Certains moyens souvent mis en œuvre dans le cadre de démarches dites d’acceptabilité sociale n’ont rien à voir avec une recherche dynamique, interactive et multipartite de construction de consensus. Ainsi, les sondages, les référendums et les votes consultatifs sont des exemples de processus qui relèvent davantage de la démocratie traditionnelle ou représentative qui confie à des élus ou des représentants désignés les évaluations et les décisions. Les résultats de tels exercices, quoique démocratiques, ne peuvent servir de mesure ou de confirmation de l’acceptabilité sociale. Souvent, plutôt que de bâtir des consensus, ces mécanismes mènent à une polarisation des opinions et exacerbent les conflits entre les parties intéressées.

De la même manière, des processus qui ne permettent pas d’interaction entre les parties concernées, de confrontation des opinions et de débats sur les intérêts et opinions entre les acteurs ne contribuent pas à susciter l’acceptabilité sociale. Ces processus sans échanges entre les parties sont notamment les séances publiques d’information, les portes ouvertes, les audiences publiques et les consultations par Internet. Dans ces cas, les arbitrages ne sont pas citoyens, mais sont plutôt confiés à des tiers. Bien que peu efficaces comme démarches orientées vers l’acceptabilité sociale, ces exercices participatifs peuvent être utiles aux leurs initiateurs, promoteurs et preneurs de décisions, notamment pour améliorer leurs projets et leurs pratiques en regard du critère aujourd’hui prépondérant de l’acceptabilité sociale. Elles ne constituent toutefois pas de véritables leviers sociaux mettant à contribution les citoyens pour obtenir de leur part la licence sociale souhaitée. Elles sont néanmoins appropriées lorsque des situations de crises ou de conflits empêchent la mise en œuvre de moyens qui supposent d’asseoir à une même table et d’initier des échanges constructifs entre les parties opposées.

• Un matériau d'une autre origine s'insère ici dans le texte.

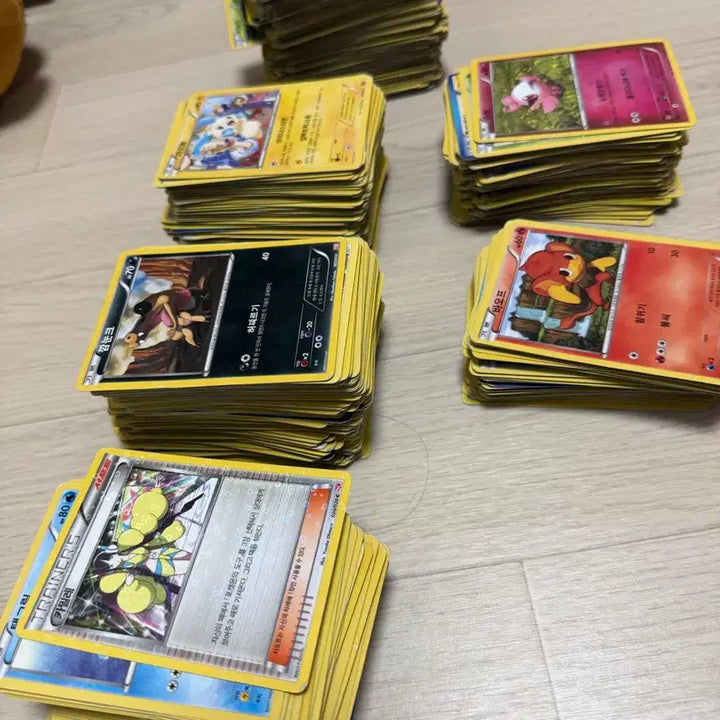 [BUNJANG] Vintage Pokemon Cards (Over 10 Years Old) - Charizard, Lucario / 포켓몬카드 고대카드(10년 이상)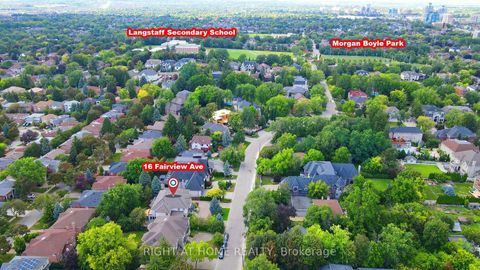 Photo 11 at 16 Fairview Avenue, South Richvale, Richmond Hill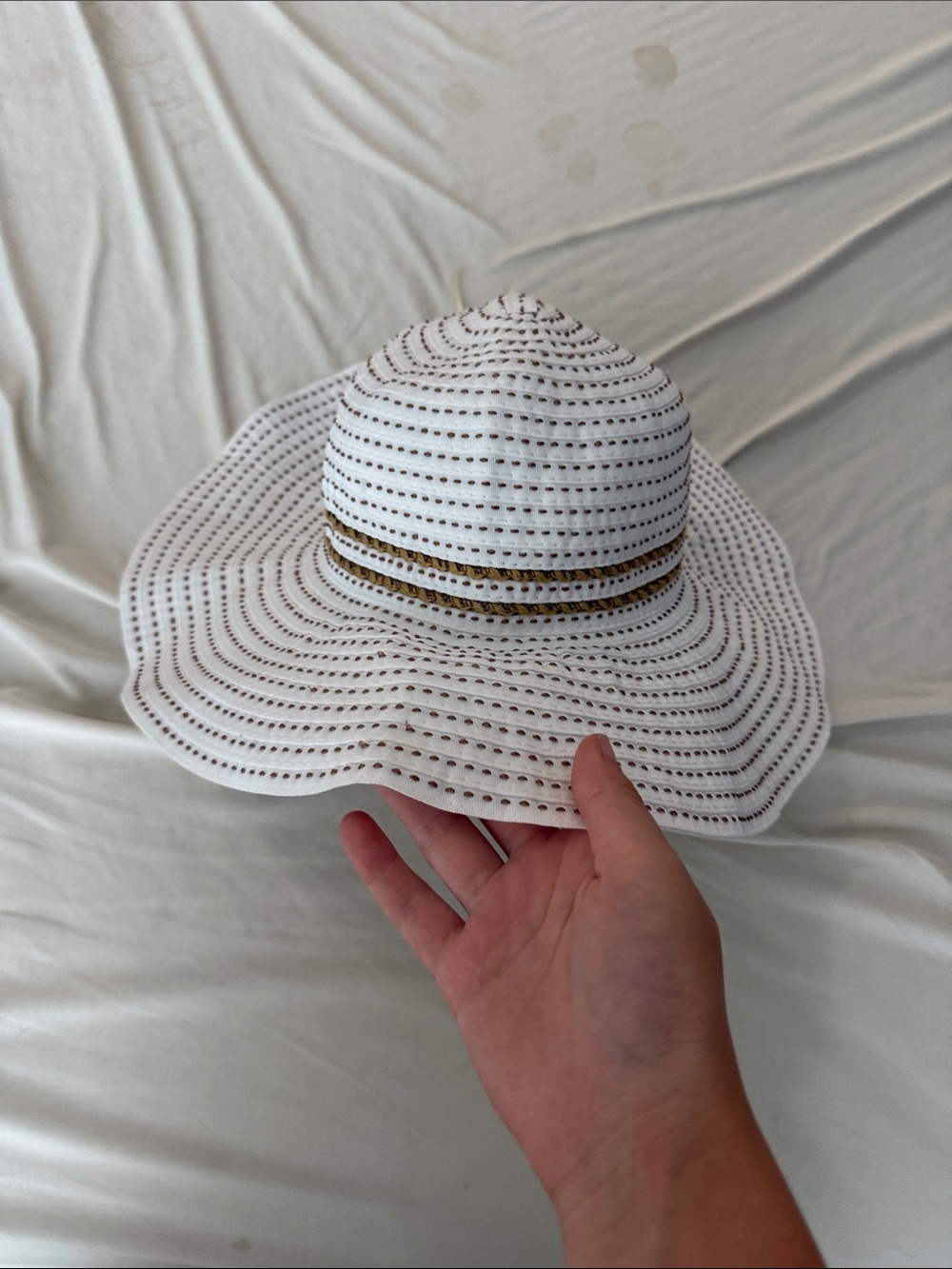 White Wide-Brim Straw Sun Hat with Gold Trim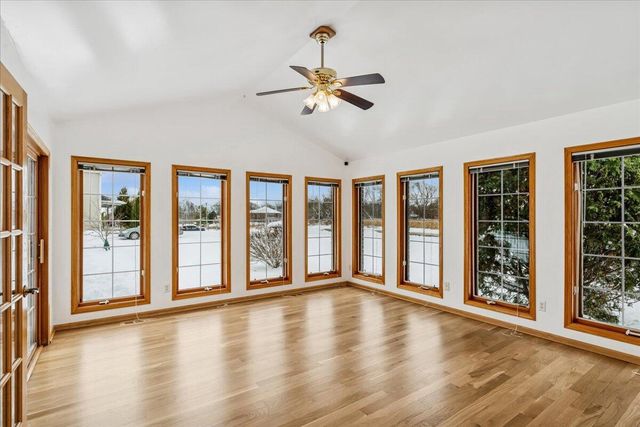 11571 41st AVENUE, Pleasant Prairie, WI 53158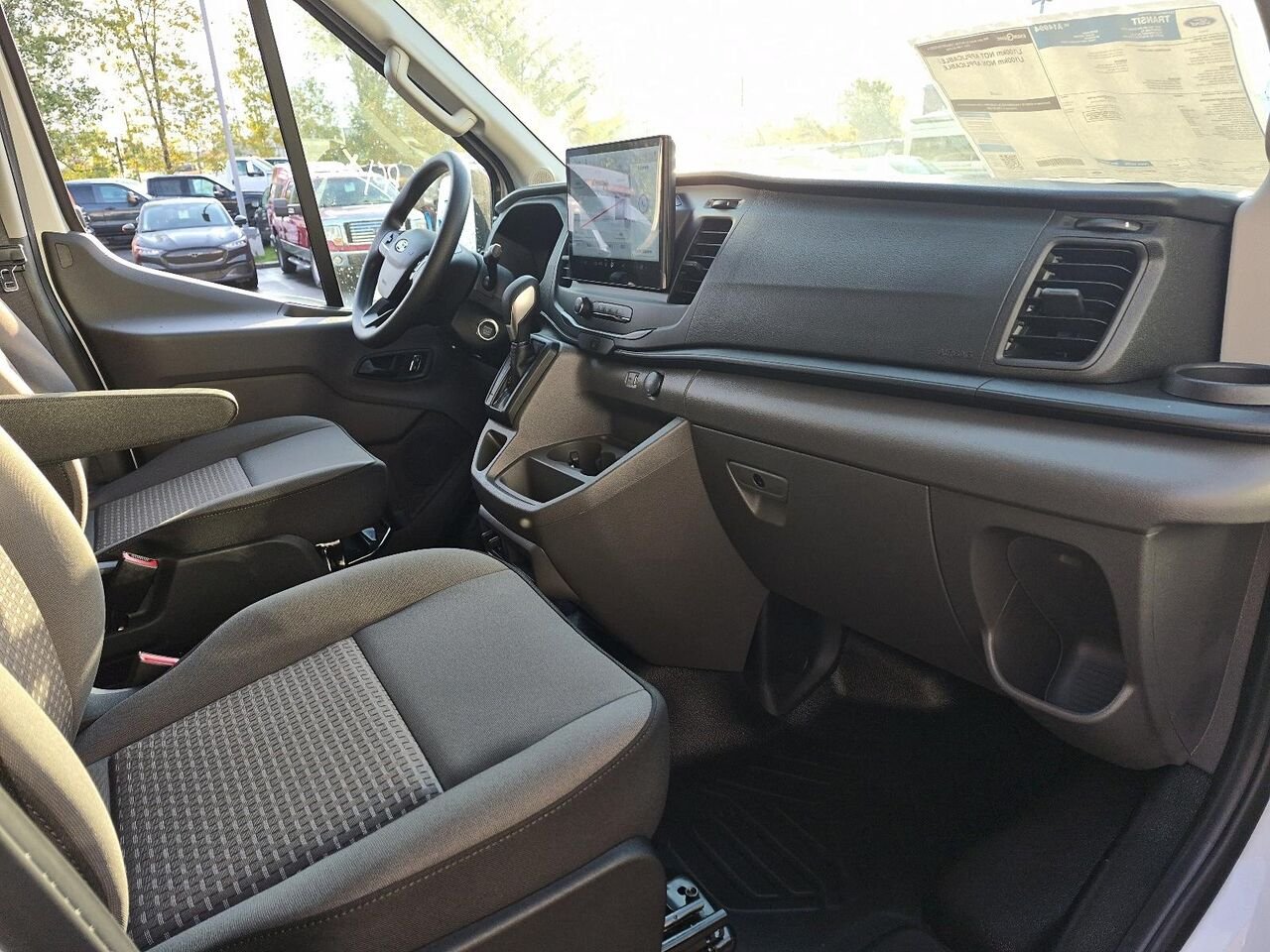 Ford Transit fourgon utilitaire 27027 | BASE 2027 Blanc Oxford Saint-Jérôme - photo #5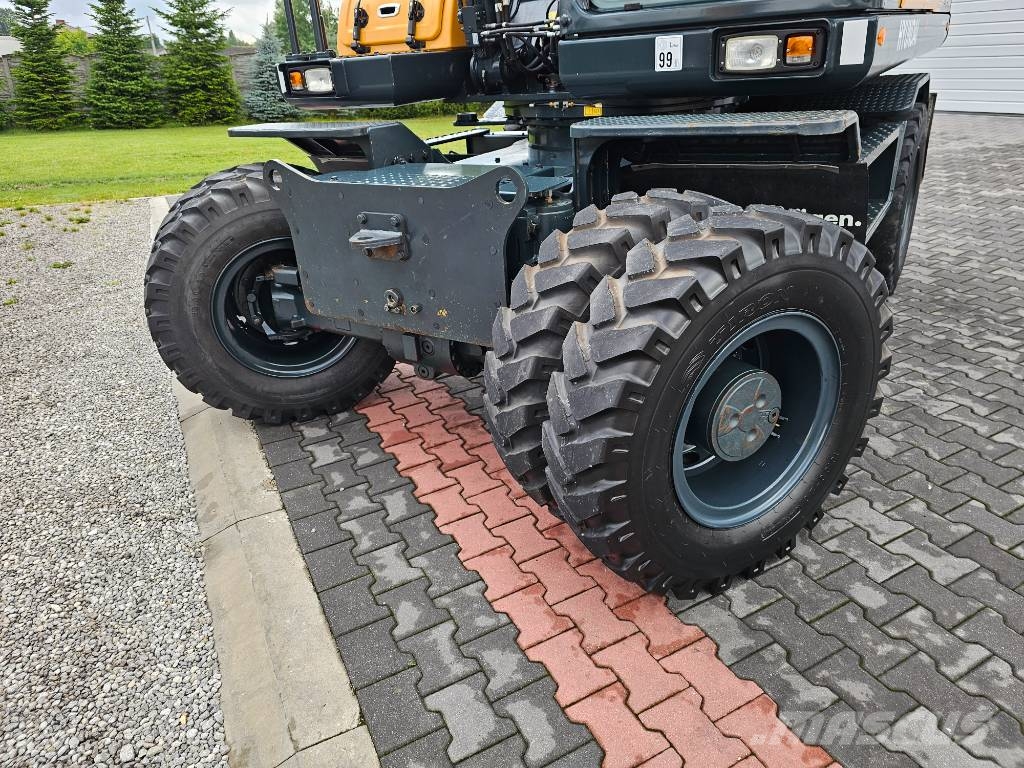 Hyundai HW 140 Колісні екскаватори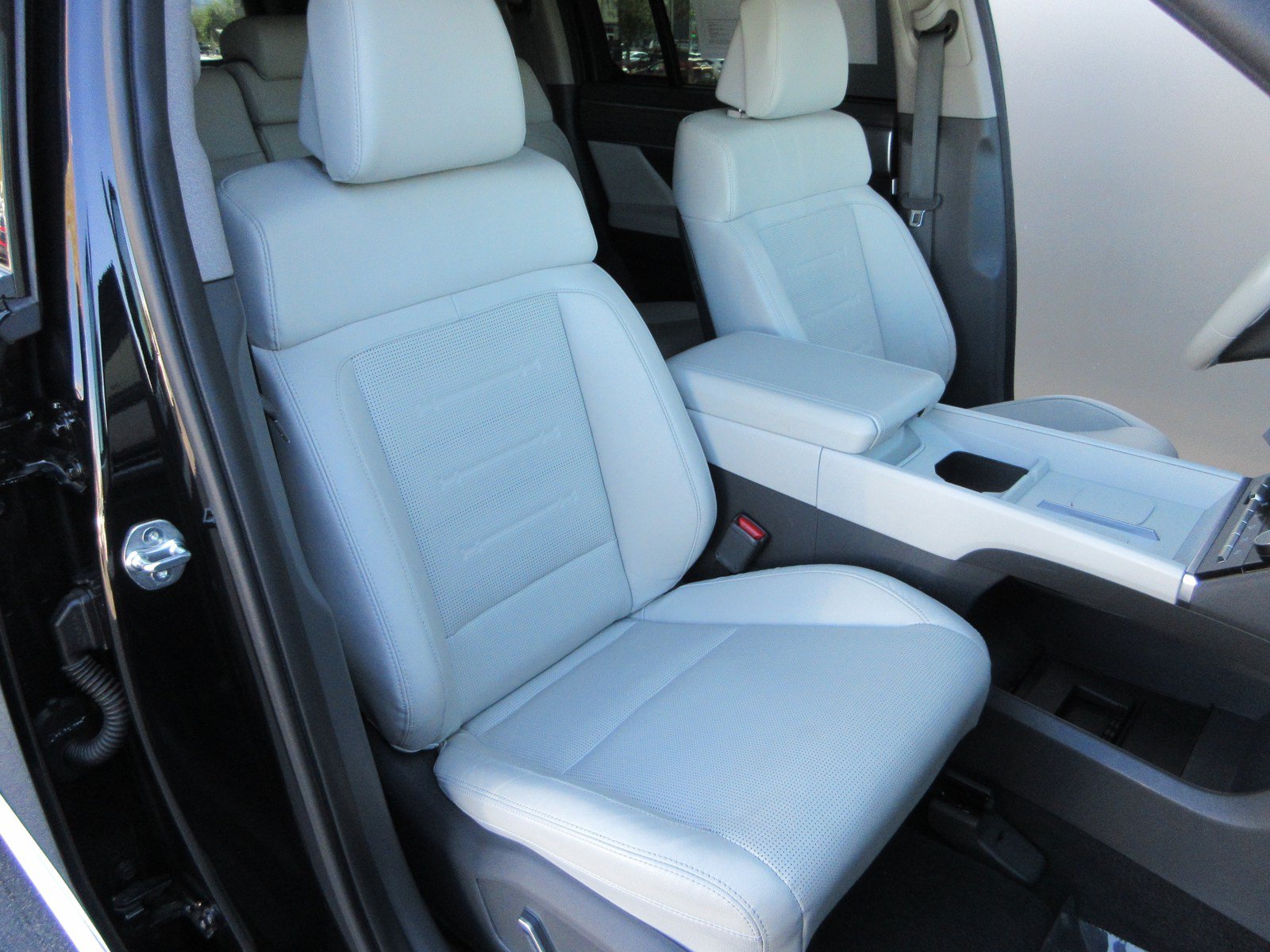 Used 2024 Hyundai Santa Fe Limited AWD/4WD image 31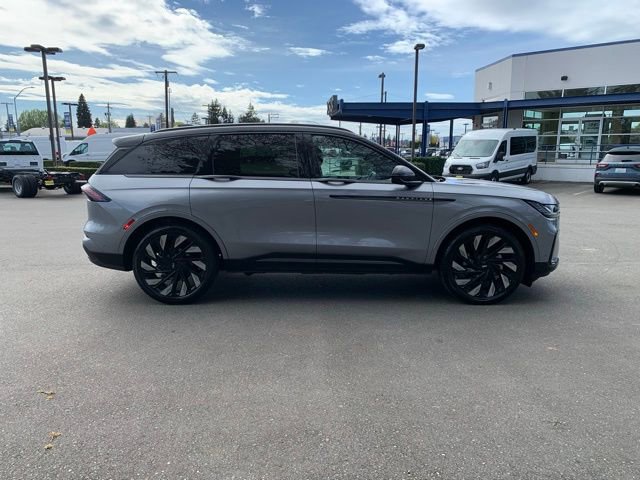 Certified 2024 Lincoln Nautilus Reserve w/ Equipment Group 202A AWD/4WD image 9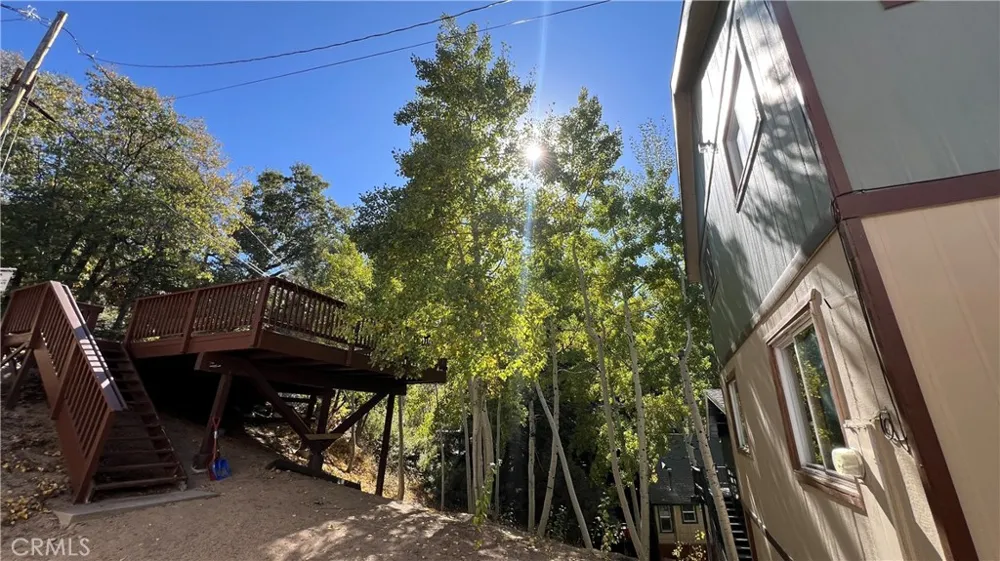 33393 Robin Drive Green Valley Lake, CA 92341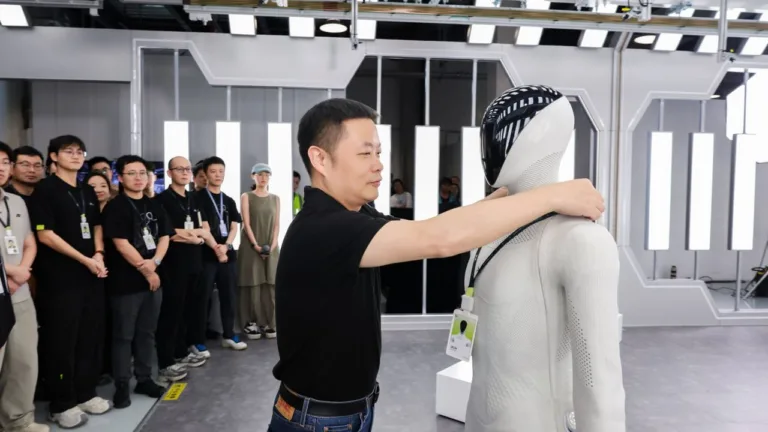 XPENGs humanoide robot IRON i forbindelse med den nye produktionslinje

Une véritable démarche participative axée sur l’acceptabilité sociale doit être est apte à amener les parties en présence à dialoguer, à comprendre les opinions et intérêts de part et d’autre, à chercher des avenues de compromis satisfaisant le maximum des participants. Au minimum, ces délibérations peuvent conduire à des conclusions ou des décisions avec lesquelles les parties dissidentes peuvent s’accommoder sans s’y opposer formellement. Ce résultat d’un exercice de participation est au cœur même de la notion de consensus social.